I'd also check the main sway bar bushings where it mounts to the subframe. 

If it needs struts I'd throw quick struts at it and consider doing control arms while you're in there. Do it all once and move on type of thing.


----------



## Fusion_LUser (Jan 3, 2020)

KevinJohnson said:


> How can you tell when your struts are worn? Japanese car with under 100k miles made in 2012. Lots of rattles and thunks from the suspension. Had the swaybar links replaced as those were rather cheap. Not sure but could be worse now.
> 
> Still lots of rattles at lower speeds (30mph)
> On some stretches of road it sounds and feels like I am hitting speed bumps with a terrible thunk-thunk-thunk sound. Thoughts on what it could be? Front struts looks like a $500+ job.


Do you see any leaks/seepage around the seals?

Also check the upper strut mount.

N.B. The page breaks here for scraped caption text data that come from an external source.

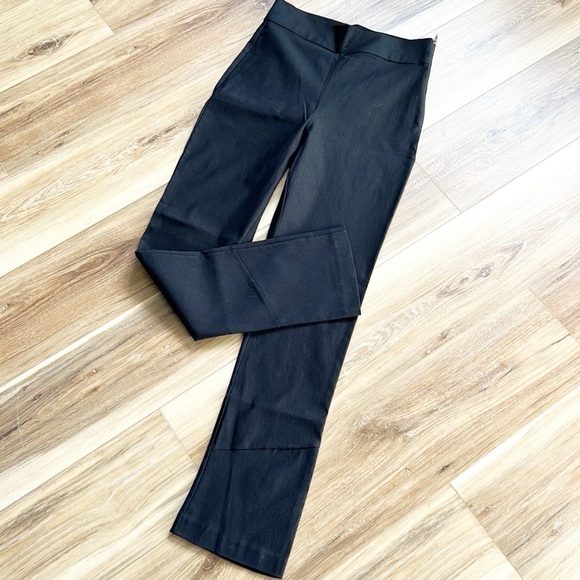 BAW shop Black Pants - Picture 11 of 13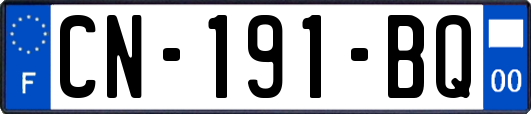 CN-191-BQ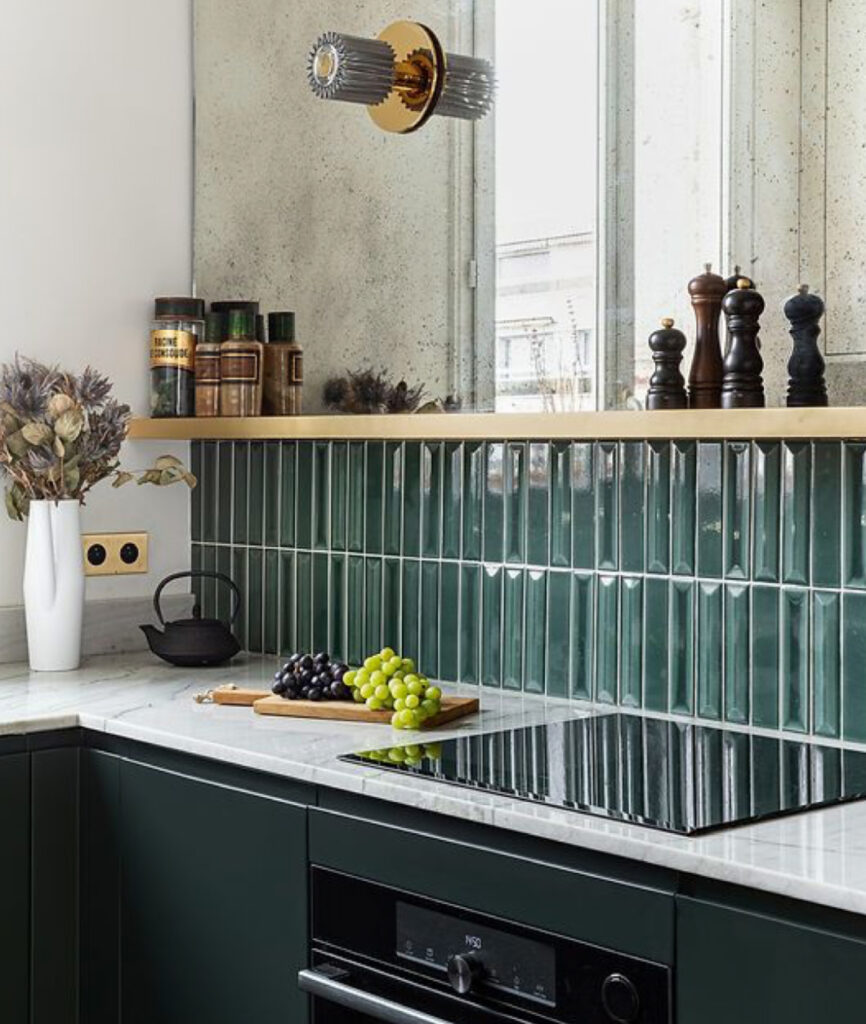 The pre-new year kitchen boom: how IQ Kitchens creates the magic of the holidays IQ Kitchens works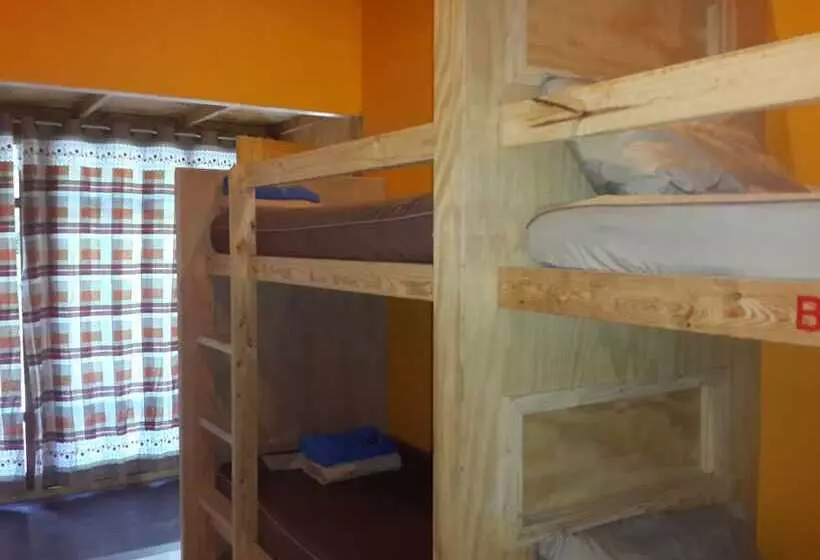 Relax Corner Inn   Hostel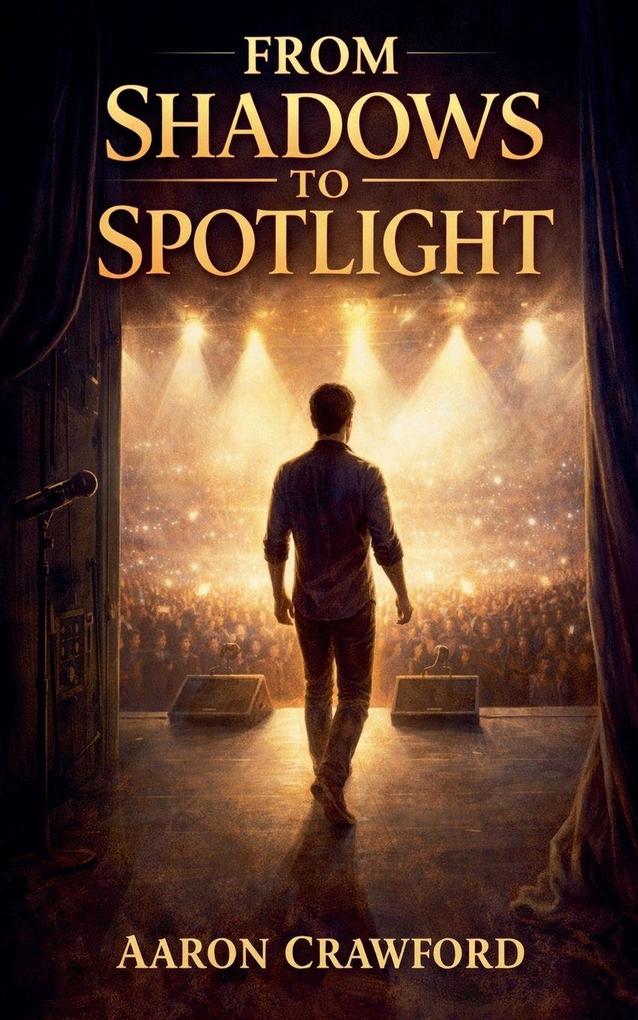 From Shadows to Spotlight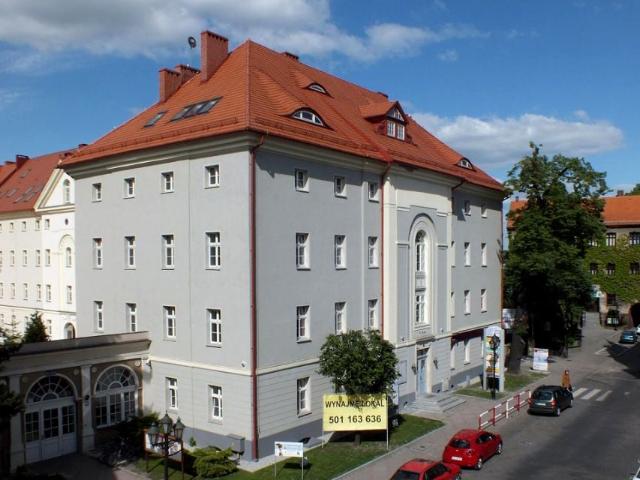 Mieszkanie do wynajęcia w Kluczbork, Opolskie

It could be as simple as loose bolts.


----------



## sumidaj (Nov 2, 2020)

Worn struts wil lshow seepage or wetness around the dampening assembly.


Sorta sounds lke you have bad srut mounts which are at the top of the strut and mount the strut to the car body. Struts must come out to replace though and at that mileage, not worth just replacing mounts assuming thats the issue, and then having to redo struts a short time later.


----------



## Amsoil Uber Connect (Jan 14, 2015)

Burn it and buy another.


----------



## Sandhills (Feb 9, 2018)

just did mine in bits on a hyundai ...for what it's worth this is the cost benefit order

the stabiliser bars that attach from the strut to the sway bar usually go first and although small ball joints make a hell off a clunking racket

they are the easiest to replace diy and cheapest

then do your sway bar mounts if needed

then the ball joints

these are usually the wearing parts

tighten any other suspension bolts while under there

the struts made a spring type sound when going over a bump rather than a clunk ...U should first tighten these as the rubbers at the top wear and get a bit of play

lastly I found the struts easy but time consuming and you need to be very careful using the spring compressor

there are other parts on the control arms etc but in my case above fixed about 95% the noise

the OEM stabiliser bars cost $17 each from sparesKorea plus postage and about an hour each side ...


----------



## KevinJohnson (Mar 23, 2020)

Front struts plus an alignment at a national repair shop. Think gold touch. 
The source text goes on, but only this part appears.